2. **Spatially-varying appearance modeling**:
Following your suggestion, we allow learning spatially and temporally varying appearances. Please see the results and discussion in the "Spatiotemporally varying appearance" in the global response above.
For reference:
3. **References**:
Thank you for the note. We will add these references to our paper. We will also add a clarification that our setting is different from NeuroFluid. NeuroFluid focuses on learning fluid dynamics from a large amount of data. Therefore, they train and evaluate the model on synthetic data. Moreover, they assume known initial state and no inflow source. In contrast, our goal is to reconstruct plausible fluid fields from real sparse multiview videos without assuming any training data.
For experiments:
4. **Different viscosity level**:
Following your suggestion, we include additional synthetic data experiments which have different viscosity levels. Please refer to the "Evaluation on different viscosity levels" in the global response above for results and discussion.
5. **Spatially-varying appearance modeling**: Please see response to 2. above.
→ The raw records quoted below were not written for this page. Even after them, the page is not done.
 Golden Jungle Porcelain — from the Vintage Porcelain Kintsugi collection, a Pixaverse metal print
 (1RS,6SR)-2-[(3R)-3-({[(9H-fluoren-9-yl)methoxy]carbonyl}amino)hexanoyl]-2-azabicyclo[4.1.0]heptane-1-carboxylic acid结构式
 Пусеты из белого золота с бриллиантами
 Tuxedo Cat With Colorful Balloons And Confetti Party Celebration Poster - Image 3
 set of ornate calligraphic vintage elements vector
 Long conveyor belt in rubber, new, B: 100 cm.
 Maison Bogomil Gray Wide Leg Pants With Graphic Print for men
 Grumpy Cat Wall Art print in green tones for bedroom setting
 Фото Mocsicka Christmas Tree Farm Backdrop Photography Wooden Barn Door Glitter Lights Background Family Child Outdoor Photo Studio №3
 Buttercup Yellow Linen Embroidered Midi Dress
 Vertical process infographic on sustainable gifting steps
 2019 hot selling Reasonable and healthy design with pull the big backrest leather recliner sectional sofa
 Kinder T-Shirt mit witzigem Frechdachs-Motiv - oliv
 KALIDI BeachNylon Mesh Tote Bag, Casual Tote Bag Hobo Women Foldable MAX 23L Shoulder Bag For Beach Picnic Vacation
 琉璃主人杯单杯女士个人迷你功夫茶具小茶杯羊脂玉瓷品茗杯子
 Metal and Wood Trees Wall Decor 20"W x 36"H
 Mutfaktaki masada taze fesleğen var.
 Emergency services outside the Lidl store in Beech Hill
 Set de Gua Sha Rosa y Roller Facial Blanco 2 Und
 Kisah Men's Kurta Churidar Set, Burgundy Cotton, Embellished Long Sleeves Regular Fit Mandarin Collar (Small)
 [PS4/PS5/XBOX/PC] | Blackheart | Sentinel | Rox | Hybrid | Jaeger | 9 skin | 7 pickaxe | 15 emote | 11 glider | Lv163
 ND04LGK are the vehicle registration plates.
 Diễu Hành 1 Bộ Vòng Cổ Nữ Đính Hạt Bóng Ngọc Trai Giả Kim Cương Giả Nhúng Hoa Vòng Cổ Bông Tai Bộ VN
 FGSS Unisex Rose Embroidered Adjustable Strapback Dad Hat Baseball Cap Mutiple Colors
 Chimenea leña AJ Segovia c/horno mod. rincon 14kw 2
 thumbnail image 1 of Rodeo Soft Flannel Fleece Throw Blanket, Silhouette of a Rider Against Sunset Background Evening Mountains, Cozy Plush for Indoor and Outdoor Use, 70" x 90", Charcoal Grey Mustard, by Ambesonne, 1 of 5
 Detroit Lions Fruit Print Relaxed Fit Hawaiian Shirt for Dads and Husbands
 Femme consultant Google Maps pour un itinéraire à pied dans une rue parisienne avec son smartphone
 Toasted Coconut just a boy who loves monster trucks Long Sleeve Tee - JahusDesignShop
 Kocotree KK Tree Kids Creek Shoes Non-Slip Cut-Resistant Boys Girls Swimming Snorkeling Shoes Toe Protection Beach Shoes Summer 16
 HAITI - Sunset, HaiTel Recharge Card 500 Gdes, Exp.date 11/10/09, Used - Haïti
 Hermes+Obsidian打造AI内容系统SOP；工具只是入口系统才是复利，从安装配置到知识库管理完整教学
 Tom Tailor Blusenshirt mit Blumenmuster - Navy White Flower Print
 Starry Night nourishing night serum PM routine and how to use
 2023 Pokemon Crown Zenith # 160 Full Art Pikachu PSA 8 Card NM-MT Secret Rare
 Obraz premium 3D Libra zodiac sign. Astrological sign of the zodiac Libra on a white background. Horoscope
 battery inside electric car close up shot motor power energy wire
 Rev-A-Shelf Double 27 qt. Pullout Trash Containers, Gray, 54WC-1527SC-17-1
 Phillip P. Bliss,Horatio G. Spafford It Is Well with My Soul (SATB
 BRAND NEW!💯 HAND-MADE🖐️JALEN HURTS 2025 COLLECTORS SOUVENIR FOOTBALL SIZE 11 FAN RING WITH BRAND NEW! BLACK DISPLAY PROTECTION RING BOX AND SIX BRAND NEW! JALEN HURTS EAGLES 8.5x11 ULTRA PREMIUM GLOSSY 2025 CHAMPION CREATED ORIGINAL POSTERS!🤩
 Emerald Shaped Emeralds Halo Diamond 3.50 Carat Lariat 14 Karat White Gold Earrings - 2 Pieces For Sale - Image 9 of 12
6. **Comparison to other existing methods**:
We include NeuroFluid and GlobTrans [Franz2021] as additional compared methods. Please refer to the "Comparison to GlobTrans" and "Comparison to NeuroFluid" in the global response above.
7. **Quantitative results regarding velocity field reconstruction**:
We clarify that our goal is to reconstruct plausible fluid fields from real videos, and thus in our experiments in the main paper **we only use real data** (as specified in L201) which does not provide groundtruth 3D fields but only multi-view videos. To evaluate 3D fields, we include experiments on synthetic examples in the "Evaluation on synthetic data" in the global response.
For questions:
1. **How to compute losses**:
For L_density, in each training step, we randomly select one timestamp (i.e., one frame) and we sample continuous points in 3D space. For these points, we compute the first-order derivatives by auto-gradient computation provided by PyTorch. For L_project, we do not use sampling as our MGPCG solver requires a regular grid. Thus, we use regular grid of 128^3 to solve for projection. These projected velocity vectors at the regular grid points are then used to supervise the velocity network outputs at those exact regular grid points.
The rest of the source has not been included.